As Prague-based analyst Kharun Sidorov points out, some of the decline in claims of Russian identity reflects the difficulties of conducting a census in Russia during a pandemic. When census takers could not reach people or when people refused to open their doors, census officials used other sources to fill out the official forms, a practice that allowed them to input most data but not all. Census rules pointedly do not allow census takers to fill in nationality or native language data unless it is provided by the individual involved. But the census data that has been published, Sidorov argues, show that this limitation accounted for only a small part of the overall decline in ethnic Russians (Idel.Realities, January 7).

Most of the decline in ethnic Russians, Sidorov continues, reflects the declining importance of ethnicity as an identifier in ethnically homogeneous areas, such as the predominantly ethnic Russian oblasts of central Russia. When everyone is a member of the same nationality, that indicator often becomes less important than other identifiers. As a result, the numbers of those not declaring a nationality rose dramatically, and consequently, the share of ethnic Russians in the population fell equally so. Given that almost all the people in these oblasts are historically Russian, an ethnic Russian identity, often based on its difference with others, has weakened relative to regional or non-ethnic civil identifications. In the ethnically mixed areas of the Russian Federation, such as the non-Russian republics, ethnic Russians, in contrast, have continued to declare themselves Russian by nationality, doing so to maintain or even increase their share of the population. Nevertheless, as ethnic Russians in predominantly Russian areas vastly outnumber the ethnic Russians in non-Russian areas, the share of ethnic Russians as a whole has declined.

In fact, the Prague-based analyst concludes: “The indigenous and authentic Russian population in its own ethnic areas is currently dying out at rates similar to those among other indigenous peoples. But it is being preserved or even grown in national republics, judging from everything by means of the assimilation of other weaker peoples (emphasis added).” Putin’s Russian world thus resembles Schrodinger’s famous cat. Viewed from one perspective, the ethnic Russians’ situation looks quite favorable, but from another, it looks disastrous, an observation that could be extended to some non-Russian groups as well. How this will play out in the event of a crisis and the Putin regime’s collapse remains to be seen, but it is already clear that those who believe the population of Russia is 80 percent ethnic Russian are deceiving no one but themselves (Idel.Realities, January 7).
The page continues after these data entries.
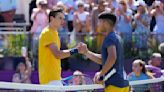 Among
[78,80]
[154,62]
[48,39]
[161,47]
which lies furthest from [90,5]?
[48,39]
The Russian census results released in the waning hours of 2022 also provide evidence that calls into question Putin’s belief, shared by many, that if non-Russians learn the Russian language, they will re-identify as ethnically Russian. In fact, the data shows that a large share of non-Russians who learn Russian retain their original ethno-national identity, as, in the words of Tatar ethnographer Ildar Gabdrafikov: Ethnic identity is slower to change than language, and the acquisition of a new language may in fact bring people into conflict with members of other ethnic groups, thus strengthening their original identity (Tatar-inform.ru, April 4, 2022). Thus, Russian-speaking Tatars may hold onto their identity for a long time or even see it strengthened after they change languages, just as has been the case in places such as India or Ireland in the past. Consequently, learning Russian is not necessarily the royal road to giving up a non-Russian identity and becoming ethnically Russian, as Putin expects and many non-Russians fear. Instead, it may have the exact opposite effect. (For a broader discussion of this issue, see Window on Eurasia; Nazaccent.ru, January 6).

The Russian government’s state statistical agency, Rosstat, had promised to publish nationality and language data from the much-delayed 2020 census in September 2022 (see EDM, June 7). But given what its census takers have found, it is no surprise that the institution has delayed matters as much as possible in the hopes that no one would notice.